California's community colleges need shoring up, financially and academically. They need a budget system that treats them more like higher-education institutions and less like extensions of high school. But their leaders also must face the fact that their schools have academic problems that cannot be cured by money alone.
A state commission is finishing work on recommendations that should help build with this shoring-up process--so long as the process isn't wrecked by a turf fight over who should govern the colleges.
The Commission for the Review of the Master Plan for Higher Education, which will review the structure of all public colleges and universities in California, is looking first at the community colleges because their problems are the most urgent. A report was due in February, but the panel took more time to consider changes in the various boards that oversee the colleges. Changes may ultimately be necessary, but that is a problem that should be dealt with later. If the commission report proposes taking power away from anybody who now has it, that recommendation will overshadow the meat of the report that concentrates on money and academics.
Proposition 13 forced a shift in the community colleges' financial base from local property taxes to state support. That support lagged behind support for the University of California and the California State University system, in part because many legislators felt that the community colleges were not putting the money that they already get to good use and didn't deserve more.

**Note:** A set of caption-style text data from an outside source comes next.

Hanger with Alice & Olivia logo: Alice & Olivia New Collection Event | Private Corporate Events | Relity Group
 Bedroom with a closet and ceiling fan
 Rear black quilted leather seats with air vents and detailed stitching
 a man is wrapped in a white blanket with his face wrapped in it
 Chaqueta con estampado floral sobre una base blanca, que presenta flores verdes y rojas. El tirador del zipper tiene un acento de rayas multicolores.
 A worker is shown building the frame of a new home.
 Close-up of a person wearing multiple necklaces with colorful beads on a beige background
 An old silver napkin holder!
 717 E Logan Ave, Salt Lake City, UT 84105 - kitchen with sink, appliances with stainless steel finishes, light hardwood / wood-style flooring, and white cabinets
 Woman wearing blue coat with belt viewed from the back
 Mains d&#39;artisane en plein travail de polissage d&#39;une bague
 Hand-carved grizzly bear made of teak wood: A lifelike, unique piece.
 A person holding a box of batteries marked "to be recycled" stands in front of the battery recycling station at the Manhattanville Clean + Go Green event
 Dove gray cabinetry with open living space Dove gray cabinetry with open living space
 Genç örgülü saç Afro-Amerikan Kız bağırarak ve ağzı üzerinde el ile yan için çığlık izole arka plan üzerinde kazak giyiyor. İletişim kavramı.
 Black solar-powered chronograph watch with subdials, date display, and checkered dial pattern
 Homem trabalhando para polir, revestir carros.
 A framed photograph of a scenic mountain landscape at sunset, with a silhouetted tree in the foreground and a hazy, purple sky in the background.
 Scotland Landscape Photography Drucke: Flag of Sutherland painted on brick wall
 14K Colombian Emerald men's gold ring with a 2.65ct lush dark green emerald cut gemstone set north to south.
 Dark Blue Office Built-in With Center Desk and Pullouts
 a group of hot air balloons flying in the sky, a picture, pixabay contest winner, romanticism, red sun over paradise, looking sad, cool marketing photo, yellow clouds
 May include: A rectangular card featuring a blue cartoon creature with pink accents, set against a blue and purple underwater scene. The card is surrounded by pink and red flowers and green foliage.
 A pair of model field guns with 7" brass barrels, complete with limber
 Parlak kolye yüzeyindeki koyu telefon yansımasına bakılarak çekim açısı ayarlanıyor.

Financial problems were compounded in districts like Los Angeles, which have also lost money because of sharply declining enrollments. State aid is based on attendance at community-college campuses, just as it is in elementary and high schools. Enrollment should be a factor, but budgets for higher education should be based more on the cost of offering courses and maintaining laboratories and other buildings. One of the master plan commission's draft recommendations calls for this kind of budgeting, which makes far more sense.
The draft report also points out that while community colleges have opened the door to success for many students, they have been only a revolving door for others because they were unprepared for higher education. The report strongly endorses open access to community colleges, which remain the first and best hope for many groups in California, and it urges the colleges to continue remedial courses. But the state must also finance better counseling and placement programs. The draft report recommends that colleges be more explicit about the requirements that students must meet, especially for transferring to four-year institutions.
Recalling that community colleges sometimes try to be all things to all people, the master plan commission's draft report also says firmly that these colleges have as their primary missions offering vocational education and preparing students to transfer into the UC or Cal State system or to other colleges. Non-degree courses should remain on a pay-as-you-go system.
The draft contains many points that will be argued over by faculty members, administrators, students and politicians, both state and local. The state should focus its debate on the changes that will improve the community colleges' programs and the way they are financed. There is time later to worry about who's in charge.